I realise that there is evidence of a social error in the above photograph which could result in my banishment from polite society, but Corbière's all I had in.

I've got a Couchsurfer staying at the moment, a twentysomething Syrian Christian who's just finished his doctor's training and has an interview at 8.30am [sic] tomorrow for his first job. Kirsty and the girls had arranged to come round for tea yesterday and I was a bit worried about how it would work socially. Everything went fine, the adults working through a couple of bottles of wine as the background for a long chat about the Islamicisation of Sweden (where Firas studied), a conversation partly promoted by the fact that my part of our street is mainly Muslim. He's looking for flats to rent and is adamant that he doesn't want to live in a Muslim area. Of which, I am relieved to say, there are very few in Lancaster.

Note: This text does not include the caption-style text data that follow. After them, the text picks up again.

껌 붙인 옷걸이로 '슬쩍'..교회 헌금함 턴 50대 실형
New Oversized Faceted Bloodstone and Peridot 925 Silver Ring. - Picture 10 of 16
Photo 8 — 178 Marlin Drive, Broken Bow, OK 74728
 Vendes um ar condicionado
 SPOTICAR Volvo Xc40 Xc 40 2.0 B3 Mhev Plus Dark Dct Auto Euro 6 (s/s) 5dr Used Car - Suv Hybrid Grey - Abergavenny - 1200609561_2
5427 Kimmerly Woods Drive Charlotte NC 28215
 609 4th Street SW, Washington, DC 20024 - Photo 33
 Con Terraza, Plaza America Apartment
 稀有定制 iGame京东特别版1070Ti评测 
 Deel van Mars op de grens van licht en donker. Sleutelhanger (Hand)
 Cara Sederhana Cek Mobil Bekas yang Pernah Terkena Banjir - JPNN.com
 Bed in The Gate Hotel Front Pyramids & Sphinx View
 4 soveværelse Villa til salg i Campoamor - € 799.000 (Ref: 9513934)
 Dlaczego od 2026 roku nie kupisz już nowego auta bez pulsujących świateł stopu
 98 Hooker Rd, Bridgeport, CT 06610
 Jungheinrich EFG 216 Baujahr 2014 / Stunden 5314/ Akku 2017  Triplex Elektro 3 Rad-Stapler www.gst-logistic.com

We went down the pub this afternoon with a couple of my friends and I realised how incomprehensible colloquial Lancaster English must be to a foreigner. But they all like heavy metal so it seemed to go OK. We came home and I started preparing the plaice which I bought yesterday from the sole surviving fishmonger in Lancaster, not counting the man in Sainsbury's who possesses a certificate about Excellence in Fishmongering Skills which in a couple of years will become a degree, validated by the Pong Ping campus of Lancaster University. I was wondering whether I could buy the whole fish and have a bash at filleting it myself, but the real fishmonger decided it for me. "Plehss? Hawl? Neh mehrt, if y'dunno what ye doon y'v nor chance. Filluts." He showed me two large plates of white fish in the way that a proud sommelier might present a secretly sourced Madiran. I nodded and gave him five pounds something.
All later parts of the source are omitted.